À combien se monte ma facture de téléphone ?
Ce tome est le dix-septième de la série et il n'est pas nécessaire d'avoir lu les précédents, mais ce serait dommage de s'en priver. Il est paru pour la première en 2000, écrit, dessiné, et encré par Binet, Christian Binet de son nom entier. Il comporte 45 pages de bandes dessinées, en noir & blanc, avec des touches de gris.

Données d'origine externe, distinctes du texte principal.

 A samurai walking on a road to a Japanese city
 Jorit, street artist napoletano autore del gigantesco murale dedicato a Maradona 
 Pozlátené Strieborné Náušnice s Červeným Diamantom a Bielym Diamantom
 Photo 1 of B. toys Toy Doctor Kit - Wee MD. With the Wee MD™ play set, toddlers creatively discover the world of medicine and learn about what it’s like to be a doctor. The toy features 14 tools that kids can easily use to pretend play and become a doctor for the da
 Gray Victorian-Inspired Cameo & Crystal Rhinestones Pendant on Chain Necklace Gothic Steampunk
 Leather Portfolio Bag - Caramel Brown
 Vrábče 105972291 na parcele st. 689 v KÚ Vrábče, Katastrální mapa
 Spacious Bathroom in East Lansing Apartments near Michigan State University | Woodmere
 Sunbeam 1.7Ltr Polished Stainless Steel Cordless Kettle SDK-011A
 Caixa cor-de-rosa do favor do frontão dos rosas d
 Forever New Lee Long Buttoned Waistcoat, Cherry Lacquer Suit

Ce tome comprend 9 saynètes de 5 pages portant toutes le même titre, mais traduit en autant de langues différentes : À combien se monte ma facture de téléphone ? Un individu non identifié compose le numéro de téléphone des Bidochon à partir de son portable. Le téléphone sonne dans le salon, mais comme il s'agit d'un poste fixe, ni Raymonde, ni Robert ne veulent se lever du canapé pour aller répondre, et risquer ainsi de rater la fin de leur téléfilm. Raymonde est persuadée qu'il s'agit d'un appel de René : Robert est persuadé qu'il est trop tard pour que ce soit lui qui appelle. La question se repose quelques instants plus tard quand cette fois-ci c'est la sonnette qui retentit. Il s'agit de René qui vient leur présenter sa toute nouvelle acquisition : un téléphone portable. Le téléphone (fixe) sonne alors que Raymonde est en train de passer l'aspirateur. Elle décroche et Robert lui annonce tout excité qu'il est en train de l'appeler depuis une cabine téléphonique. Il la rappelle 30 secondes plus tard pour lui indiquer qu'il est en train de l'appeler depuis la même cabine téléphonique, mais cette fois-ci avec son téléphone portable.

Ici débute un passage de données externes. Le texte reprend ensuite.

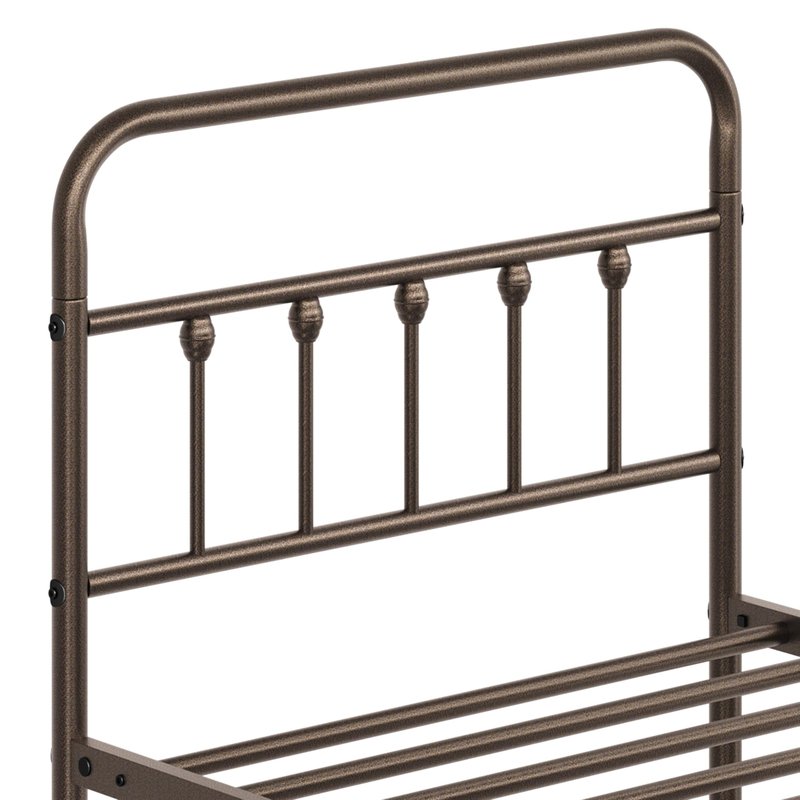 Yaheetech Classic Metal Platform Bed Frame Mattress Foundation with Victorian Style Iron-Art Headboard/Footboard/Under Bed Storage/No Box Spring Needed/Twin Size Bronze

Robert Bidochon rentre chez lui et informe son épouse Raymonde qu'il a pris un téléphone portable avec une heure de forfait. Répondant à sa question, il indique à Raymonde qu'il va pouvoir dire toutes les bêtises qui lui passent par la tête, et il se lance dans une démonstration particulièrement pathétique. Contre toute attente un extraterrestre écoute ses bêtises, puis la récitation dans laquelle se lance Raymonde pour profiter dudit forfait. Dans la saynète suivante, Robert indique à son épouse qu'il a fini de remplir les 80 noms qu'il est possible de stocker dans le téléphone. Il démontre l'utilisation de ce répertoire en appelant un certain Grapovski qu'il a pris au hasard dans l'annuaire. Ça ne rate pas, ce brave monsieur est dans son bain. Il en sort pour répondre, et bien sûr la dernière sonnerie retentit avant qu'il n'ait eu le temps de décrocher. Robert se lance alors dans la démonstration de l'utilité de la touche bis, pour le bénéfice de Raymonde. Monsieur Grapovski sort de son bain, et arrive encore une fois trop tard pour répondre. Robert recommence la démonstration une demi-douzaine de fois et monsieur Grapovski termine en crise de larmes face à son poste téléphonique en se demandant qui peut être assez malade pour se livrer à un jeu aussi absurde que sadique.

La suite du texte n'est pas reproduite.